## [PROMPT]
Your answer should be an exact copy of all the entries, free of pictures.

┄┄┄┄┄┄┄┄┄┄

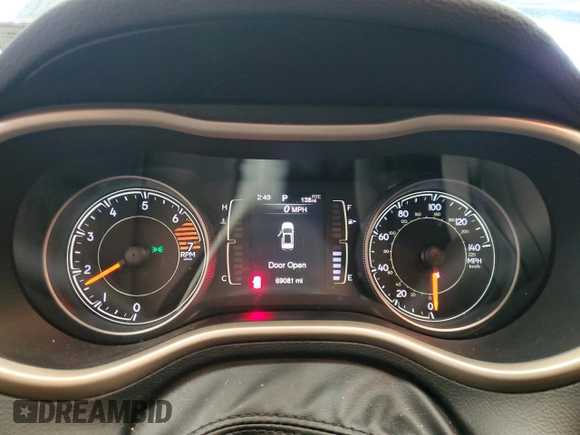 2017 Jeep Cherokee Latitude with VIN 1C4PJMCB2HW609258, listed as a Copart auction lot 59881055 with 69,081 mi miles and Salvage title. Bid and sale history available at DreamBid. Image 9.
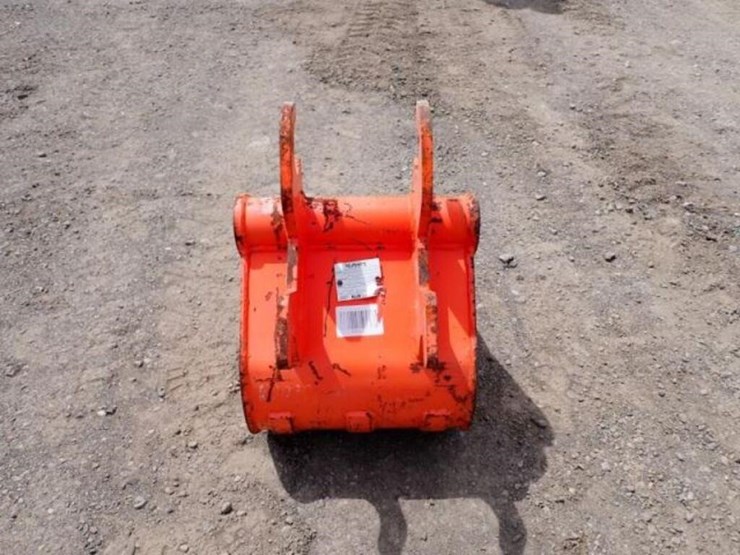 2022-kubota-kx033-4-image-74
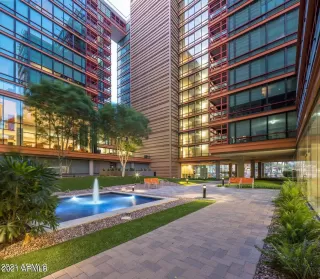 Photo #3: 6718977 Listing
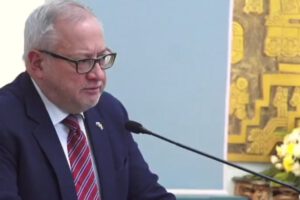 Rusia envía combustible a Bolivia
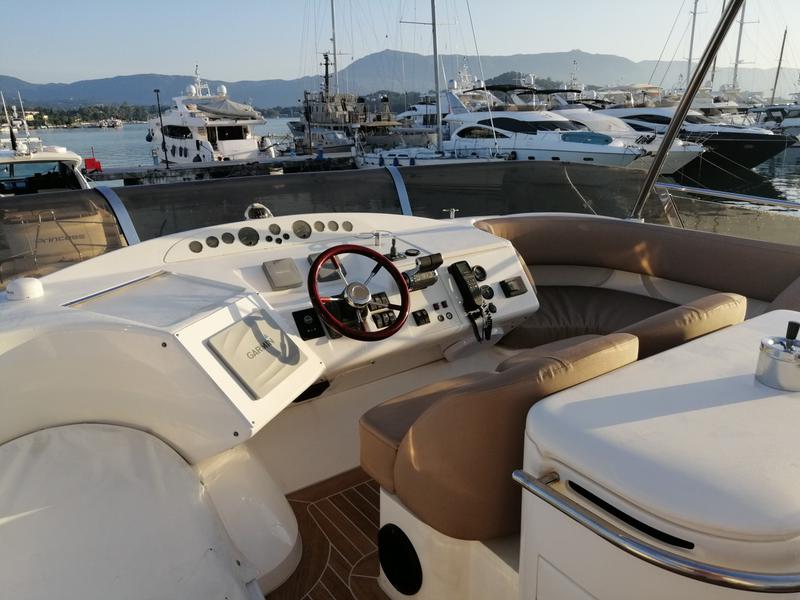 Book yachts online - motorboat - Princess 61 - Allegria - rent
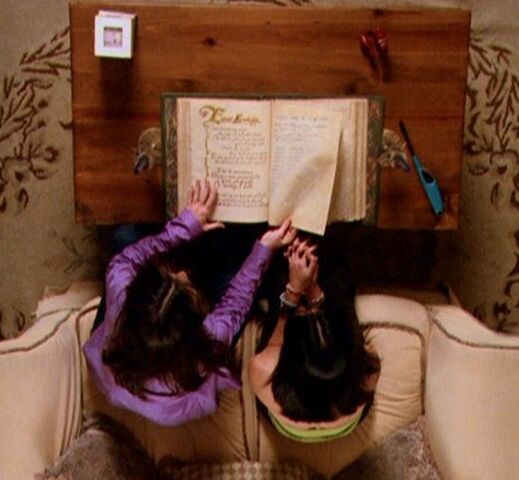 File:2x06-BookExtractknowledge.jpg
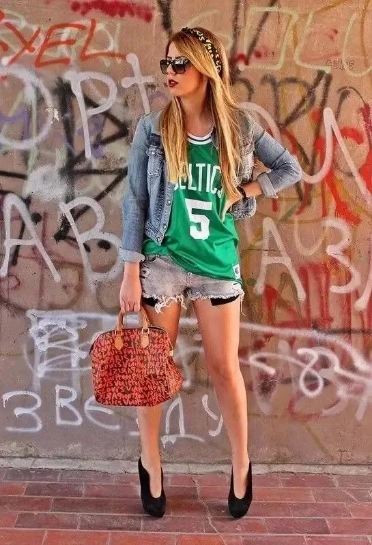 复古风格穿搭足球衣,活力款衣服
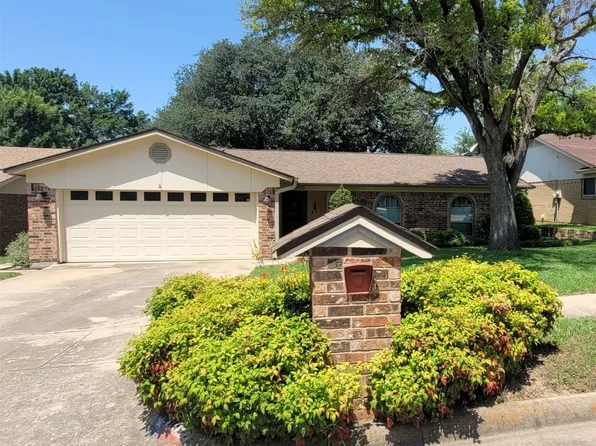 800 Rockledge Dr, Saginaw, TX 76179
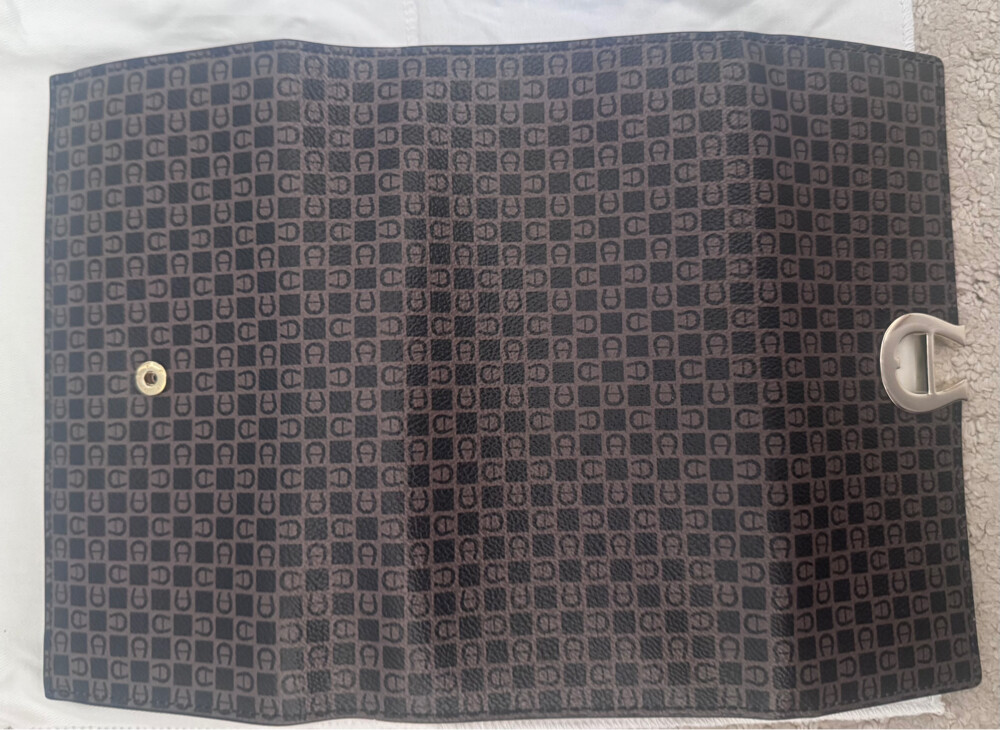 Aigner Wallet - 8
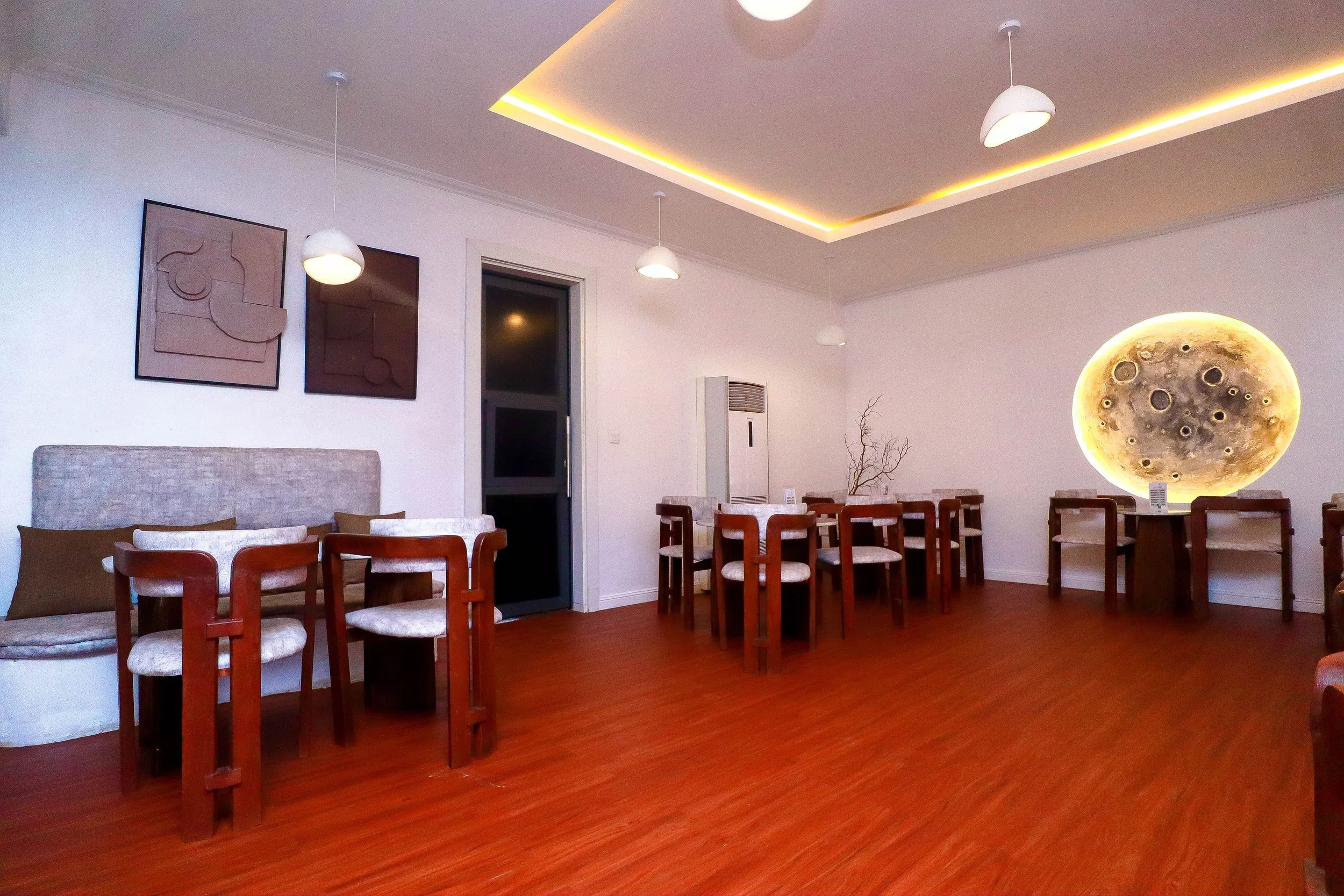 An image of the Float House.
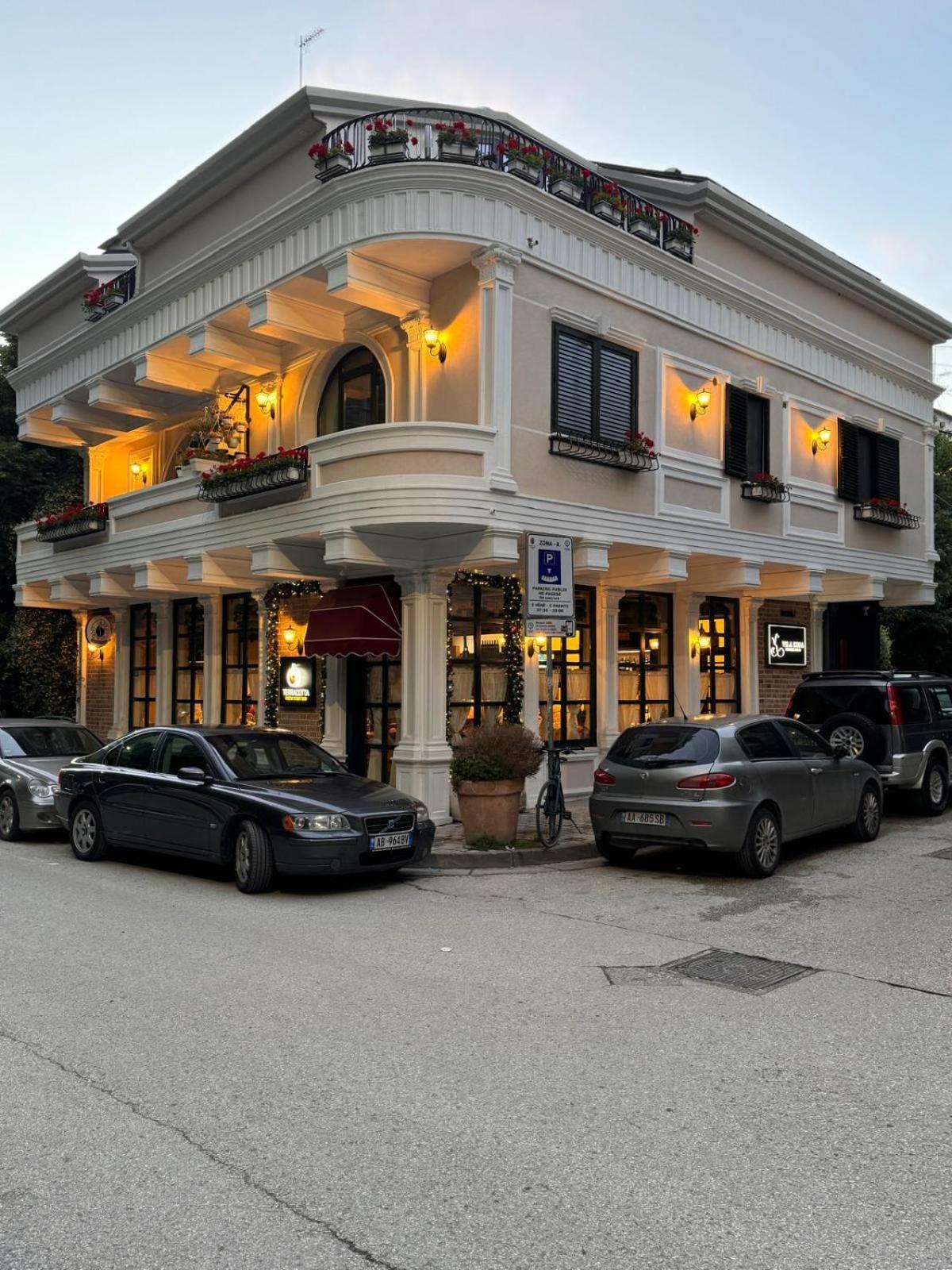 Koja Boutique * Tirana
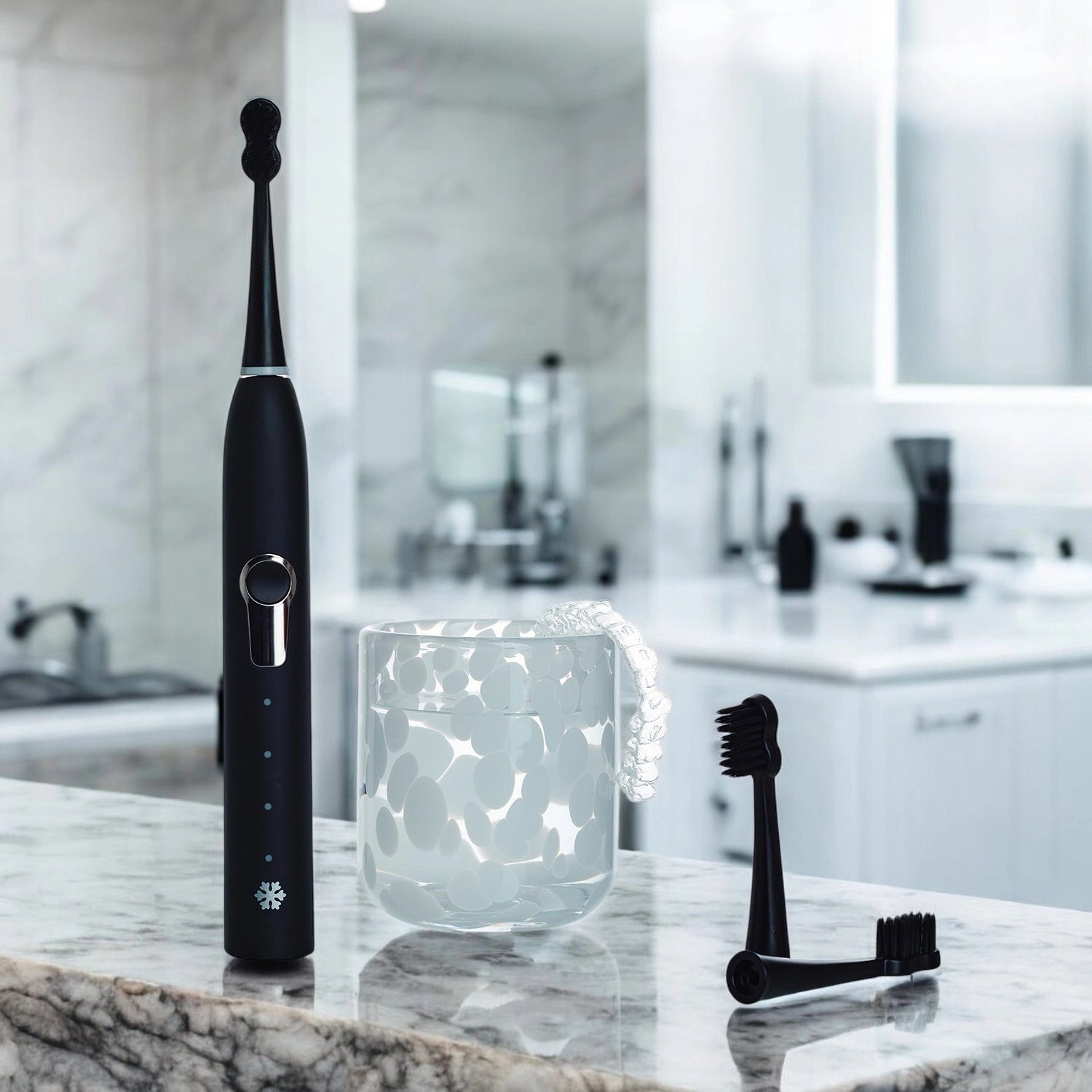 Snow Pearl Ultra Soft Zahnbürste für sanfte Reinigung und Schutz von empfindlichem Zahnfleisch.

┄┄┄┄┄┄┄┄┄┄

## [SOLUTION]
 2017 Jeep Cherokee Latitude with VIN 1C4PJMCB2HW609258, listed as a Copart auction lot 59881055 with 69,081 mi miles and Salvage title. Bid and sale history available at DreamBid. Image 9.
 2022-kubota-kx033-4-image-74
 Photo #3: 6718977 Listing
 Rusia envía combustible a Bolivia
 Book yachts online - motorboat - Princess 61 - Allegria - rent
 File:2x06-BookExtractknowledge.jpg
 复古风格穿搭足球衣,活力款衣服
 800 Rockledge Dr, Saginaw, TX 76179
 Aigner Wallet - 8
 An image of the Float House.
 Koja Boutique * Tirana
 Snow Pearl Ultra Soft Zahnbürste für sanfte Reinigung und Schutz von empfindlichem Zahnfleisch.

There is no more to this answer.